SOSTENIBILITÀ DIGITALE

Cosa è quindi la sostenibilità digitale? Si potrebbe dire che è quell’angolo di osservazione dal quale è possibile vedere il digitale come strumento per raggiungere gli obiettivi di sostenibilità valutando ogni singola scelta in rapporto all’impatto economico, sociale e ambientale. La sostenibilità digitale è anche la verifica di come gli obiettivi di sostenibilità possano influenzare uno sviluppo tecnologico che a sua volta può condizionare in modo positivo il raggiungimento degli obiettivi stessi. Quando si parla di “sostenibilità digitale” non bisogna mai incorrere nell’errore di guardare solo in una direzione o in solo verso, perché in un sistema complesso ogni singola componente interagisce con le altre generando equilibri nuovi, senza dimenticare che la sostenibilità digitale può essere sia un concetto attivo che passivo. In agricoltura, per esempio, l’utilizzo di sensori per la rilevazione del grado di umidità o di altri parametri, congiuntamente con l’analisi statistica delle precipitazioni in un dato periodo dell’anno, permette di  ottimizzare la quantità di acqua da utilizzare per irrigare un campo o una parte di esso, migliorando la qualità del prodotto (e quindi la soddisfazione del cliente – aspetto sociale), risparmiando sui costi per l’irrigazione (aspetto economico) e infine riducendo sia lo spreco di acqua che il consumo di energia per far funzionare gli impianti di irrigazione (aspetto ambientale). Il digitale in questo circolo virtuoso svolge un ruolo essenziale per la sostenibilità. Altra cosa da sottolineare, le tre dimensioni sono legate tra di loro: il mancato raggiungimento di uno dei tre obiettivi potrebbe disinnescare i benefici degli altri due. Oppure, in altri casi il raggiungimento di un obiettivo a discapito degli altri due potrebbe creare conseguenze non accettabili. Come si vede quindi la sostenibilità digitale svolge sia un ruolo attivo (è il soggetto che fa accadere le cose: senza i sensori e l’analisi statistica dei dati non avrei informazioni su come comportarmi) che per così dire passivo (è l’oggetto che bisogna utilizzare affinché le cose accadano: devo usare il sensore e non i calli della nonna!).

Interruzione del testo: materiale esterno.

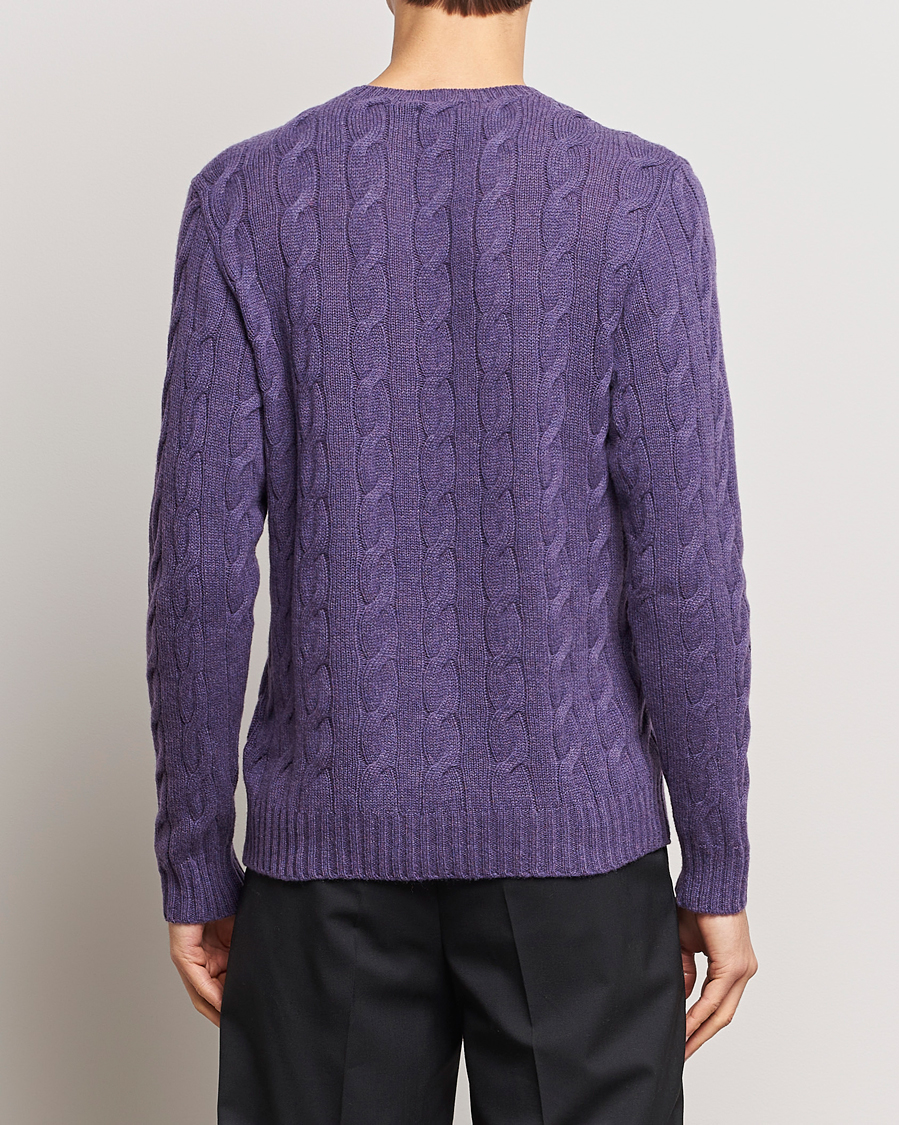 Mies | Puserot | Ralph Lauren Purple Label | Cashmere Cable Sweater Purple Melange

PERCHÉ ESSERE SOSTENIBILI?

Fabio Rizzotto, vice president, head of Research and Consulting di IDC Italia, ci ricorda come la sostenibilità è diventata una priorità per i CEO e per gli obiettivi aziendali, ma anche per gli organismi politici e le istituzioni. Il ruolo delle tecnologie ICT e digitali è decisivo. Il legame tra modelli di sostenibilità e essenza del fare impresa sta crescendo. Il 74% delle aziende globali considera molto importante il raggiungimento in termini di valore aziendale degli obiettivi di sviluppo sostenibile (SDG) fissati dall’Agenda 2030 dell’ONU. Trasformare le organizzazioni in quest’ottica è tuttavia complesso. Nelle indagini di IDC condotte a livello globale, le priorità segnalate dalle imprese sono infatti l’allineamento delle strategie aziendali ai requisiti ESG e la trasformazione delle operations. L’obiettivo finale è dare risposte a stakeholders sempre più esigenti ed eterogenei. La quasi totalità delle organizzazioni (95%) registra cambiamenti sostanziali nei comportamenti di acquisto e crescente attenzione a prodotti e servizi sostenibili da parte delle nuove generazioni in particolare, e della società in generale. In questa cornice, è possibile vedere da molteplici angolazioni e prospettive le risposte che digitalizzazione e tecnologie possono portare alla sfida della sostenibilità. Prima di tutto, rispondendo a una delle principali richieste segnalate dalle imprese: come misurare gli sforzi e i ritorni in tema di sostenibilità? Nel 2021, stando alle indagini di IDC, solo il 54% delle imprese afferma di aver costruito metriche e KPI per misurare l’avanzamento o il raggiungimento di obiettivi di sostenibilità in linea con i framework strategici. Questa situazione ha già fatto crescere la consapevolezza delle aziende.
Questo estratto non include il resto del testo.